24 Haziran 2012 Pazar

19 Haziran'daki Basın Açıklamasının Pardus Camiasındaki Yankıları

Önemli olduğunu düşündüğümüz iki tepkiyi burada da paylaşmak istedik.

İlki uzun süre -yanlış bilmiyorsak başından beri- projenin yürütücülüğünü yapmış Erkan Tekman'ın tepkisini http://blog.erkantekman.org/2012/06/20/du-bakali/ adresinde okuyabilirsiniz.

Bazı önemli noktalar:
....
İlk ve önemli haber Pardus proje yöneticiliğine Abdullah Erol’un atanmış olması. Abdullah beyle görev süremde birlikte çalıştığımız ve çalışmaktan memnun olduğumuz bir altyüklenici firma sahibi olması hasebiyle tanışıyoruz. Kendisini tebrik eder, görevinde başarılar dilerim.
.... 
poları, listeler ve bloglar yolu ile, olmazsa da (maalesef sadece) söz ile olabildiğince fazla bilgi vermeye çalıştık çevreye, bilemediğimiz şeye “bilmiyoruz” dedik, yorum yapmak iş etiği açısından sorunlu olmaya başladığında manalı manalı sustuk… Yeni yönetim yalnızca tek bir kişi ile görüşüyor dışarıdan herhalde, gayrı-resmi sözcü rolüne soyunmuş… ismini anmak dahi istemiyorum, keselim… Ama çalıştayda “işler kapalı yürüyor” diye el kaldıran katılımcılardan hiçbirisi çıkıp da “yahu bunlardan bizim bile haberimiz” yok demiyor ya, o acayibime gidiyor. Ya da haberleri var ve işlerin böyle kapalı yürümesini (artık) içlerine sindirebiliyorlar…
....
Eh o zaman ben de sorarım “kardeşim iş modeli, strateji ve politika aynı; teknoloji çözümü aynı; ekip dizilimi ve hatta kişiler bile aynı… bir tek proje yöneticisi değişmiş! e ağam siz bu işi neden yaptınız?” diye… Diyemediniz mi “Erkan Tekman, biz senin bu projenin başında olmanı istemiyoruz, ya sen git ya biz atacağız” diye? Giderdik kardeşim…
....
Günün birinde TÜBİTAK ve UEKAE’nin mevcut ve önceki yönetimleri Pardus’la ilgili neler yaptılar ve neler yapmadılar; projeden (aslında) neden ayrıldım; ve benzeri konuları da yazabilirim, emin değilim… Koray Löker ve Bahadır Kandemir ve A Murat Eren‘in düşündükleri ve önerdikleri “Pardus’un resmi olmayan tarihçesi” ve “bir Linux distro HOW-TO ve HOW-NOT-TO” belgelerini oluşturmak için bir-iki ilk adım attım, ama benden başka meraklısı çıkmadı; artık emeklilik günlerimize herhalde :)

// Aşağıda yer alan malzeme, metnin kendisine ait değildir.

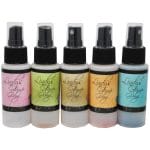 Lindy's Stamp Gang Flat Fabios Spray Set - Hawaiian Island (2oz 5/Pkg)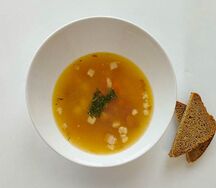 Гороховый суп с копченостями
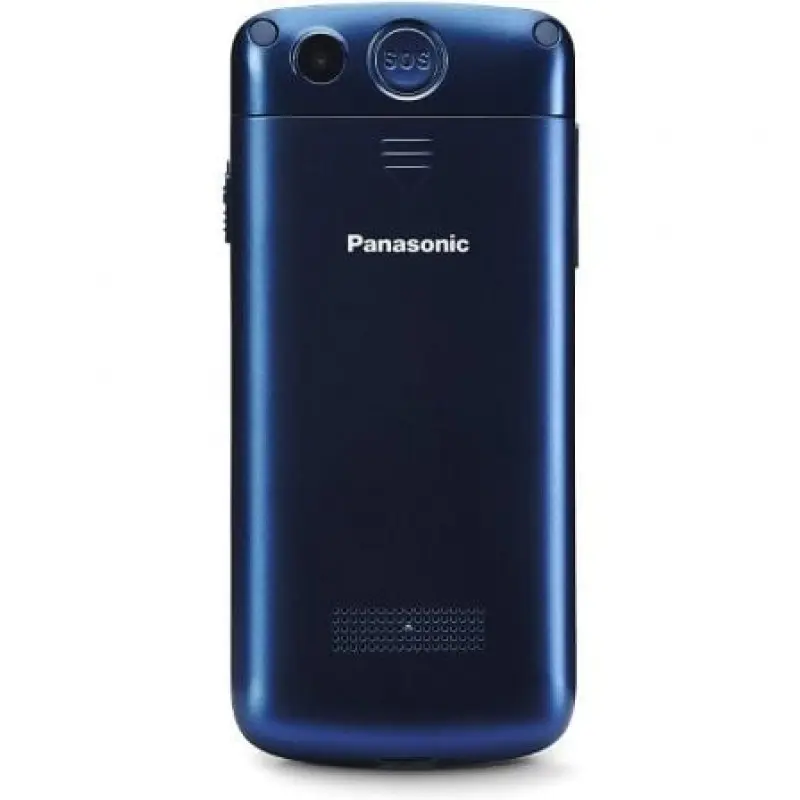Teléfono Móvil Panasonic KX-TU110EXC para Personas Mayores/ Azul Teléfono Móvil Panasonic KX-TU110EXC para Personas Mayores/ Azul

İkinci blog postu ise Zeki Bildirici'den: http://blog.bluzz.net/pardusun-yeni-yol-haritasi-ve-gelecek-donem/

Üçüncüsü ise Pardus'un Yarını çalıştayından sonra topluluk temsilcisi seçilen Sezai Yeniay'dan

http://sezaiyeniay.wordpress.com/2012/06/23/pardus-yeniden-mi-yeni-pardus-mu/

Tabii ki bu üç değerlendirme yapılan ve yapılacak yorumların hepsi değil, ancak şu ana kadar yapılmış değerlendirmelerin en önemlileri olduklarını düşünüyoruz.

Genel olarak baktığımızda ortaklaşan görüş, Türkiye'de Pardus hakkında söz söyleme meşruiyetine en fazla sahip olan kişilerin projenin yeni halinden hiç memnun olmamaları ve güven duyamamaları.